About this task:
Return, exactly as written, the line containing "CATANIA DENIM CASHMERE" and every line after it to the end of the records below, with no pictures.

Short text fragments from websites:
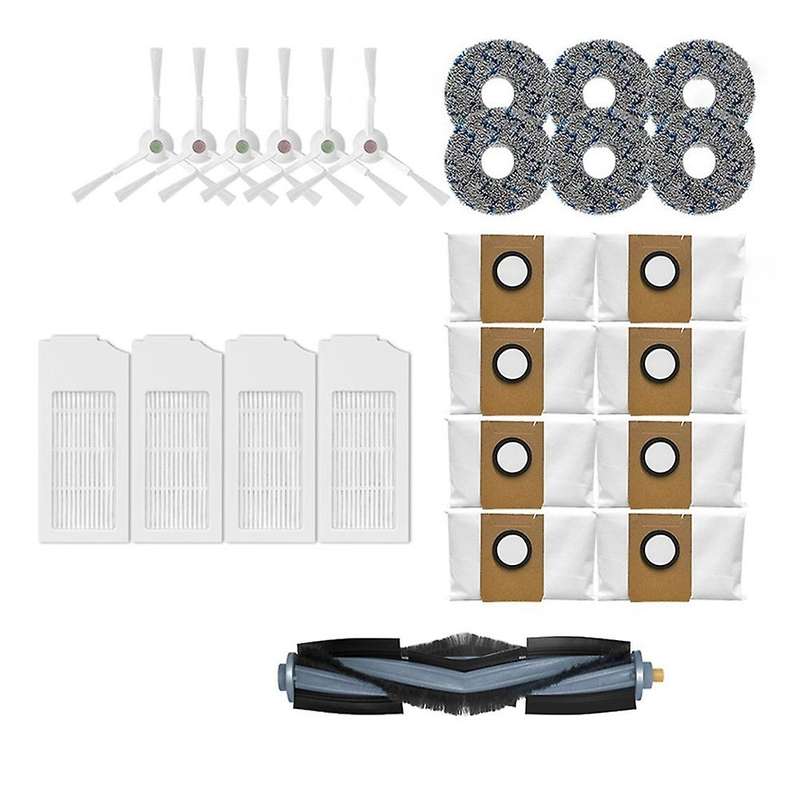 Replacement Parts Roller Brush Side Brushes Filters for Ecovacs T10
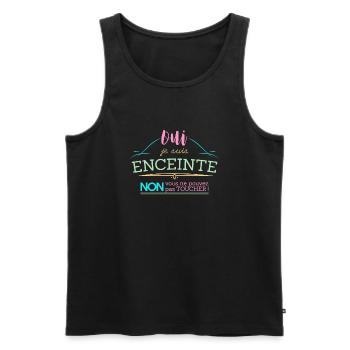 Oui je suis enceinte - Débardeur bio Premium Homme - noir - Devant - AI Model Male 178 light (178cm)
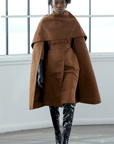 Hollinger Cape in Faux Suede - Nina Nieves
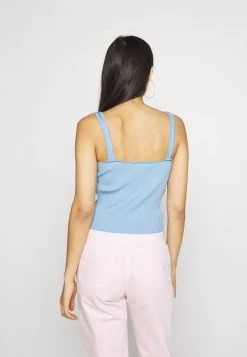 Monki Damen Top - Blue -Monki Verkäufe 2022 d0a944e8cb5b45999c9f4eb9fffd3d4f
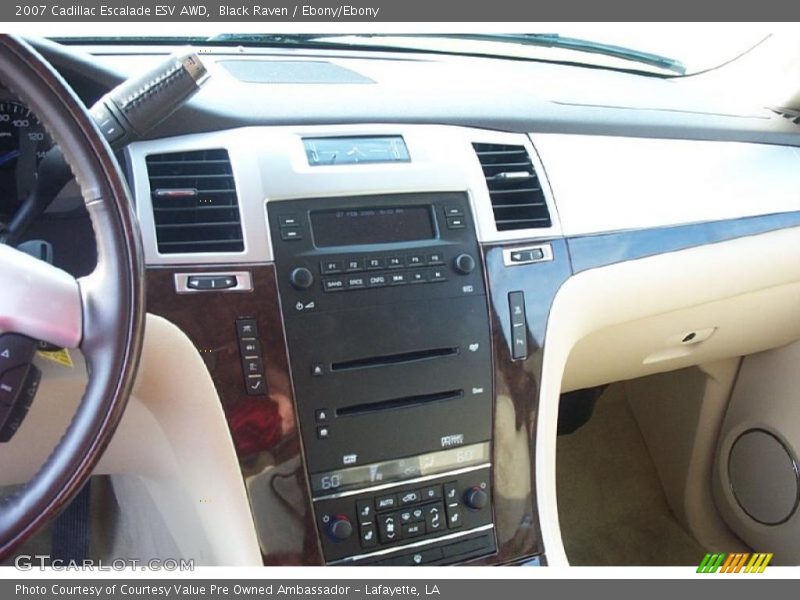 Black Raven / Ebony/Ebony 2007 Cadillac Escalade ESV AWD
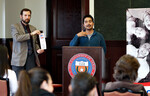 [Partnership] Photograph of Attendee Speaking at Partnership Event by University of Texas at Brownsville and Paul Chouy
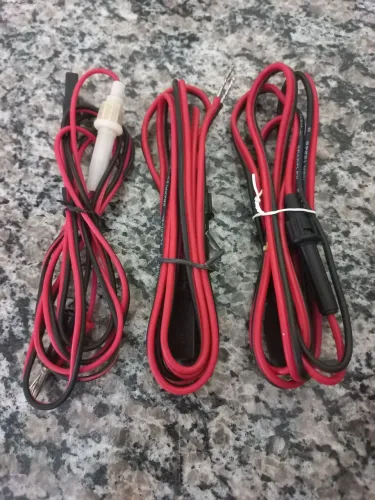 Kit com três cabos de alimentação de rádio px 148 gtl etc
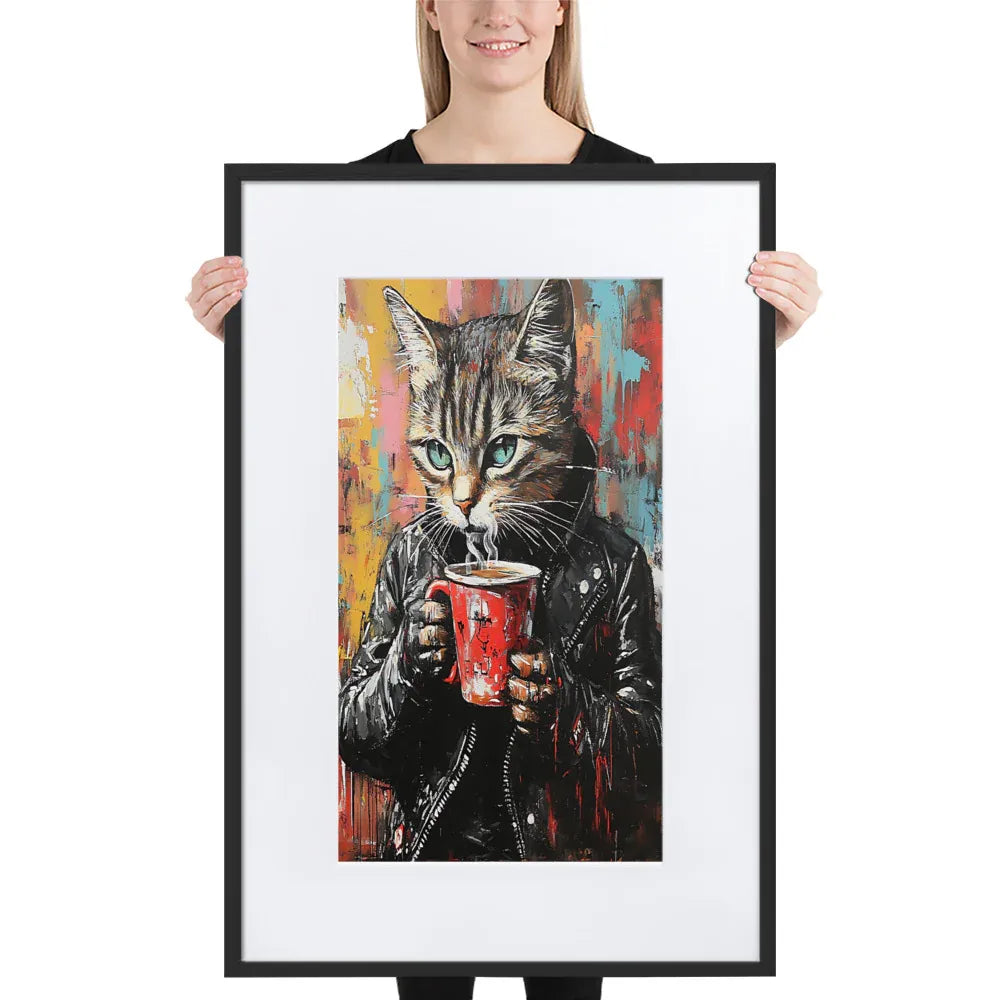 street-art-feline-v14-gerahmtes-poster-gerahmtes-poster-jlr-design-1 - JLR Design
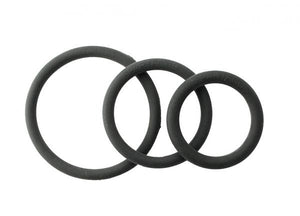 Rubber C Ring Set Black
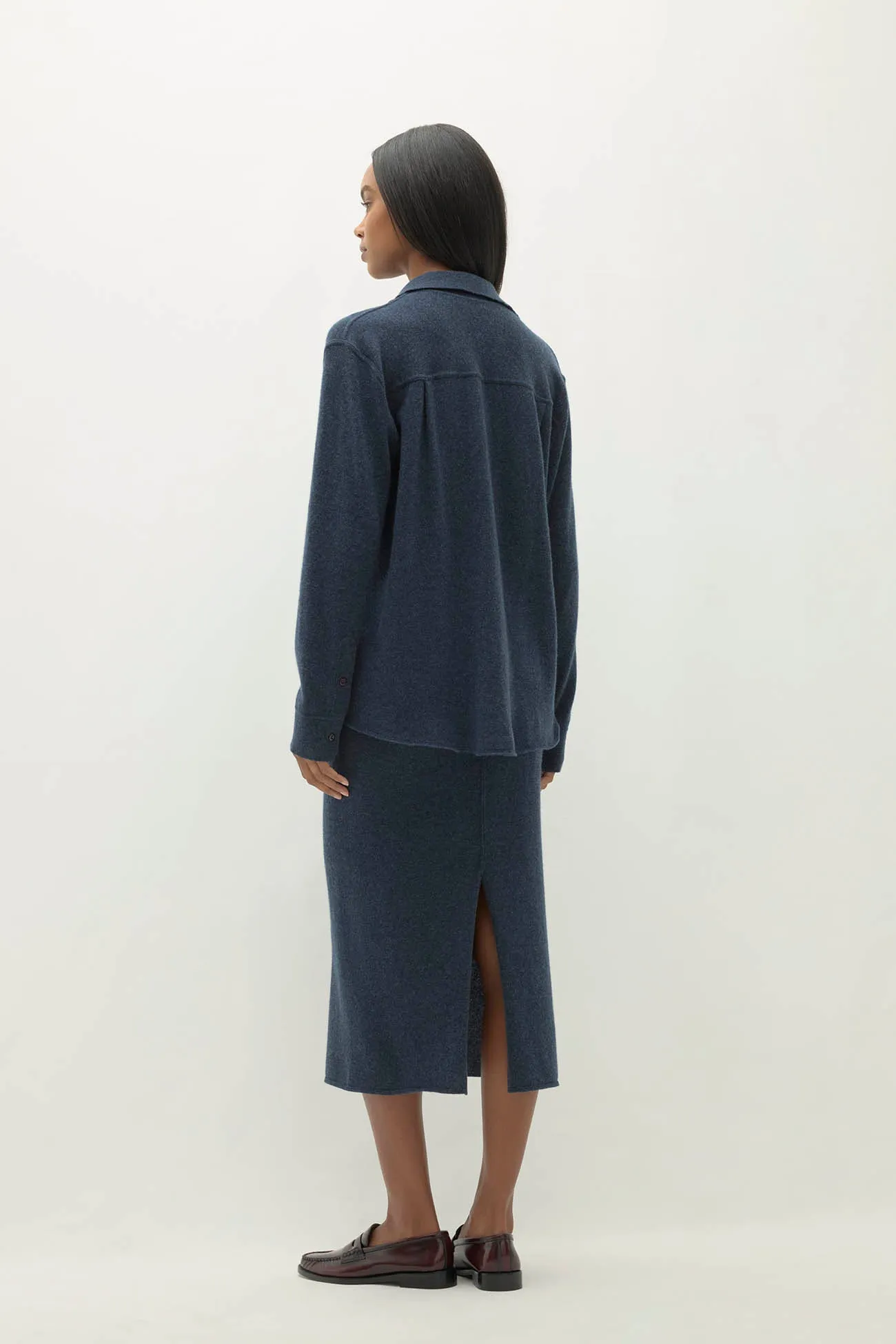 CATANIA DENIM CASHMERE SHIRT sold by NakedCashmere product image thumbnail 3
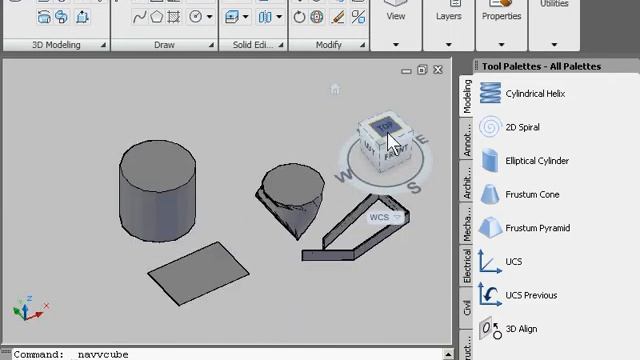 AutoCAD 2009 Урок 49 Навигация с помощью Куба измерений смотреть онлайн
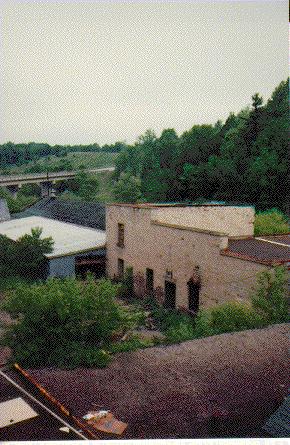 Bird's eye view of the Barber Mill 1992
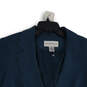 Womens Blue Long Sleeve Notch Lapel Flap Pocket Two Button Blazer Size 16W image number 3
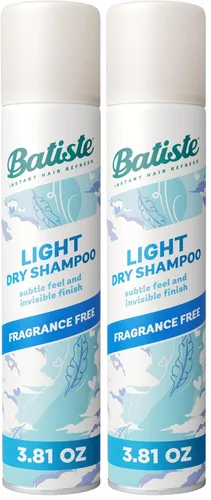 Vista 13 de Batiste Champú seco ligero, sin perfume, sin fragancia, 3.81 onzas Lightweight Formula, No White Residue, Good For Sensitive Scalps, Absorbs Oil &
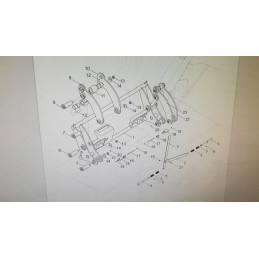 Pronar LC1650 loader pin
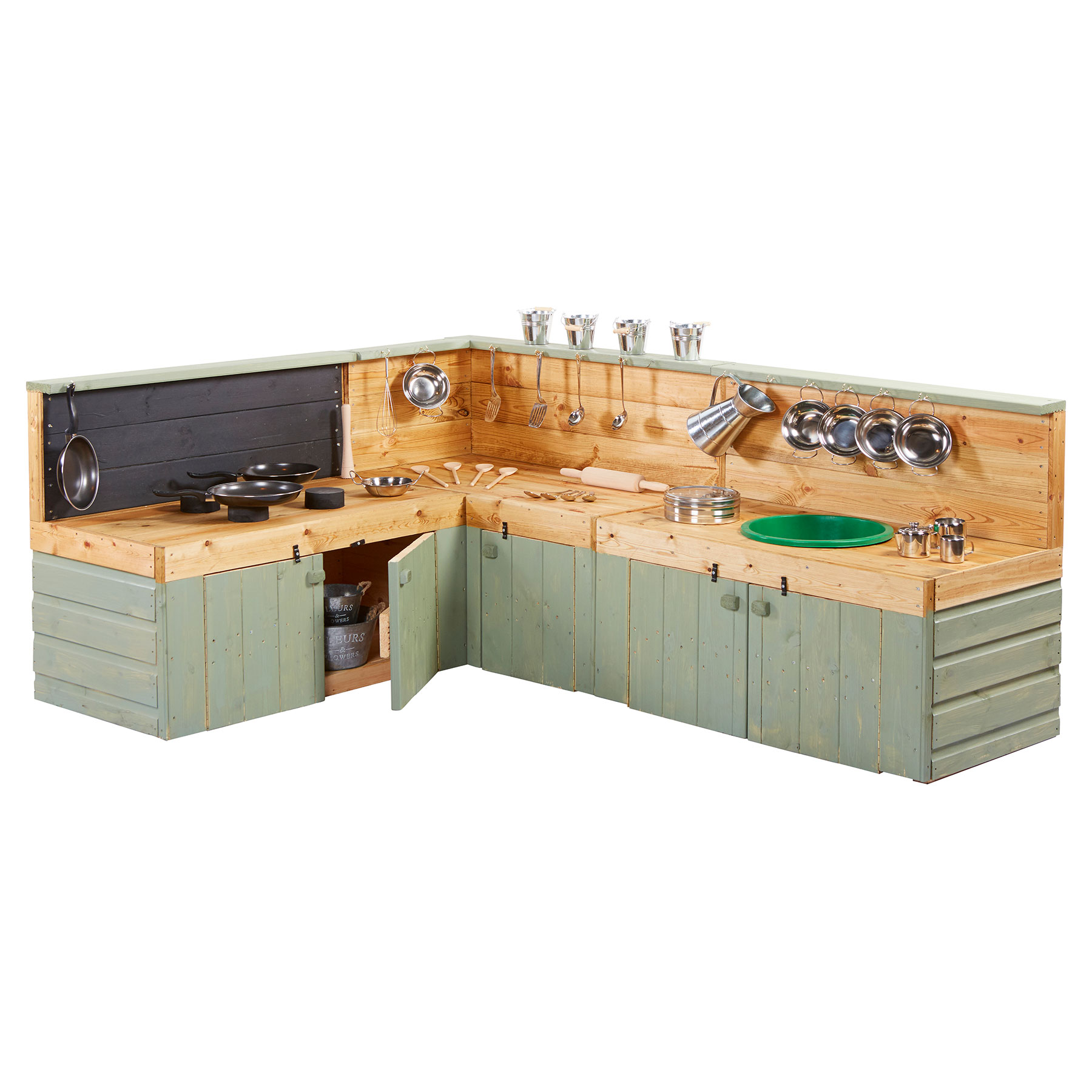 Children's Country Green Corner Kitchen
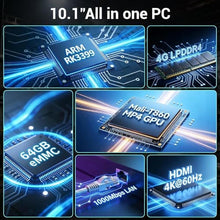 Load image into Gallery viewer, HIGOLEPC Fanless All-in-One Touchscreen Computer RK3399, Industrial Panel PC 10.1 Inch Rugged Android 12, 4GB RAM, 64GB ROM, 1280 * 800 IPS, RKGB_2159
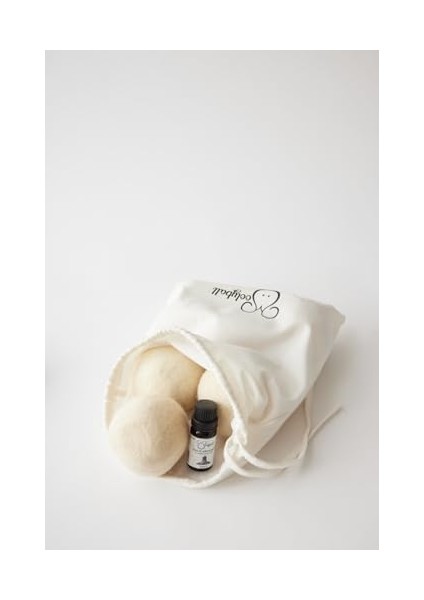 Woolyball Organik Koyun Yünü Çamaşır Kurutma Topları, 3'lü Paket, Xl Boyut 7CM/50GR, Hediye 5ml Uçucu Yağ modelleri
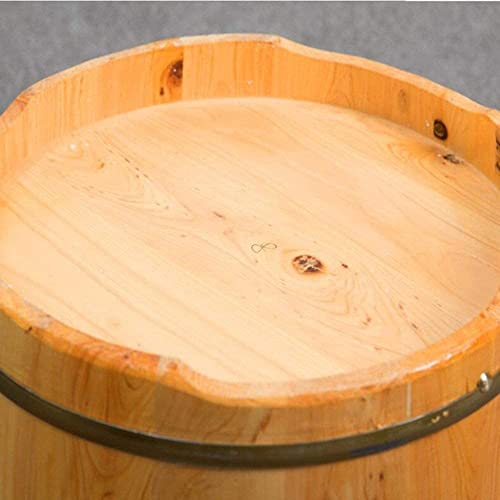 Bañera de pies de madera para masaje y spa miniatura 5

Answer to the problem:
 CATANIA DENIM CASHMERE SHIRT sold by NakedCashmere product image thumbnail 3
 AutoCAD 2009 Урок 49 Навигация с помощью Куба измерений смотреть онлайн
 Bird's eye view of the Barber Mill 1992
 Womens Blue Long Sleeve Notch Lapel Flap Pocket Two Button Blazer Size 16W image number 3
 Vista 13 de Batiste Champú seco ligero, sin perfume, sin fragancia, 3.81 onzas Lightweight Formula, No White Residue, Good For Sensitive Scalps, Absorbs Oil &
 Pronar LC1650 loader pin
 Children's Country Green Corner Kitchen
 Load image into Gallery viewer, HIGOLEPC Fanless All-in-One Touchscreen Computer RK3399, Industrial Panel PC 10.1 Inch Rugged Android 12, 4GB RAM, 64GB ROM, 1280 * 800 IPS, RKGB_2159
 Woolyball Organik Koyun Yünü Çamaşır Kurutma Topları, 3'lü Paket, Xl Boyut 7CM/50GR, Hediye 5ml Uçucu Yağ modelleri
 Bañera de pies de madera para masaje y spa miniatura 5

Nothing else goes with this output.